About The Golden Retriever Breed
Golden Retriever Club of America
A wealth of information about the breed we love including history, traits, breed standards, training, health, and more.
Golden Retriever Foundation
The Foundation was established to promote the public’s knowledge and appreciation of dogs in general and Golden Retrievers in particular; to further understanding of the diseases, genetic defects, injuries and ailments afflicting dogs; to promote the development of information related to the proper care, treatment, breeding, health development and training of Golden Retrievers; and to foster and promote the rescue, rehabilitation and placement of displaced Golden Retrievers.
The Golden Retriever Foundation April Fund, Pagey Elliott Education Fund, and Rescue Fund have supported activities of Homeward Bound over the years. In the area of research they are activity supporting studies across the country on canine cancer.
Health Issues in Goldens:
With proper care, good nutrition, exercise, and appropriate routine veterinary care, Golden Retrievers, like other breeds, can live long, healthy lives. But like most breeds, there are some specific health issues that are common among Goldens:
Hip dysplasia is an inherited malformation of the hip joint, where the head of the femur does not fit snugly into the pelvic socket. It is common among most large breed dogs. There are varying degrees of severity of hip dysplasia. Dogs with milder cases can live long, happy, normal lives, but some will require surgery. Some dysplastic dogs show no signs of the condition until their later years when muscle tone begins to deteriorate and arthritis becomes more prominent. Severe arthritis can result from hip dysplasia.
Like hip dysplasia, elbow dysplasia is an inherited condition of young dogs that causes the elbow joint to develop improperly. Symptoms may not show up until later years. Less common than hip dysplasia, it can be difficult to diagnose and can cause increasing lameness and pain in affected dogs.
Hereditary cataracts, which manifest themselves with opacity in the lens of the eye, are a common eye problem in Golden Retrievers. Some hereditary cataracts generally appear at an early age, and while they may or may not interfere with the dog’s vision, some do progress into loss of vision.

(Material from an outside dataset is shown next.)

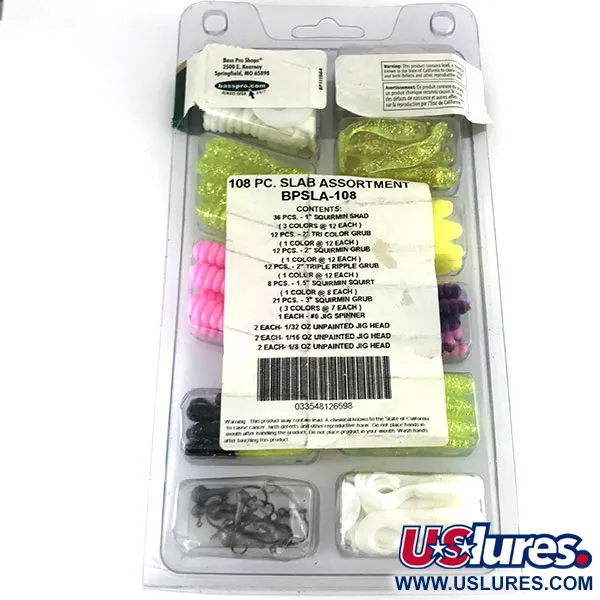 Bass Pro Shops Tournament Series 108pcs Leurres Souples, Rose, #9514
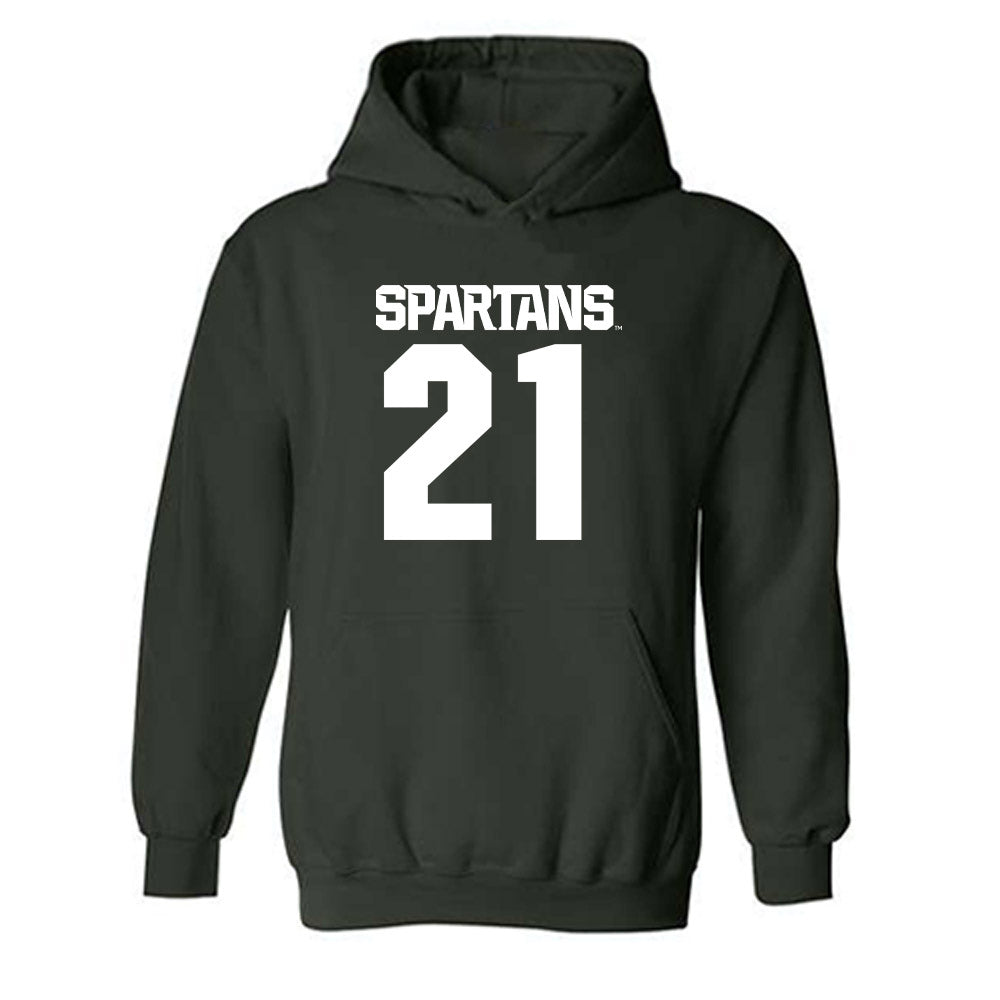 Michigan State - NCAA Women's Soccer : Eden Bretzer - Generic Shersey Hooded Sweatshirt-0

Eyelid and eyelash problems are also common in goldens. They can be hereditary, and caused by other factors. Entropion and ectropion are the turning in or turning out of the eyelids. These conditions involve eyelashes or hairs rubbing on and irritating the eye. Surgery may be needed to correct these problems.
Arthritis is common among Goldens, and it often affects dogs much the same way it affects humans. Movement becomes more difficult and is often extremely painful. Treatment may include injections for pain relief and some medication that can be administered at home.
Cancer is a killer for many species. Sadly, cancer is now the #1 killer of Golden Retrievers. Golden Retrievers are most likely to face hemangiosarcoma (cancer of the blood) which commonly affects the spleen, liver, heart and skin, or lymph sarcoma (cancer of the lymphatic system).
Allergies are a common affliction in Goldens. The ears, skin, nose and other parts of the body can be affected. Identifying the cause of the allergy can be difficult; often it is a question of a reaction to something in the dog’s environment. Flea allergy dermatitis is also a major problem with many dogs.
Gastric Torsion – or Bloat
This condition is caused by a twisting of the stomach and thus trapping the stomach contents and gases, resulting in a rapid swelling of the abdomen, accompanied by pain and eventual death if untreated. It is a top priority emergency which requires immediate veterinary attention. It is condition most common in large, deep-chested breeds.
Hypothyroidism, an insufficient production of thyroid hormone caused by disease of the thyroid glands, is a common health problem for golden retrievers, and is usually identified by chronic and recurring skin problems. It is easy to diagnose with a simple blood test. This condition is very easily treated, but treatment usually must continue for the rest of the dog’s life.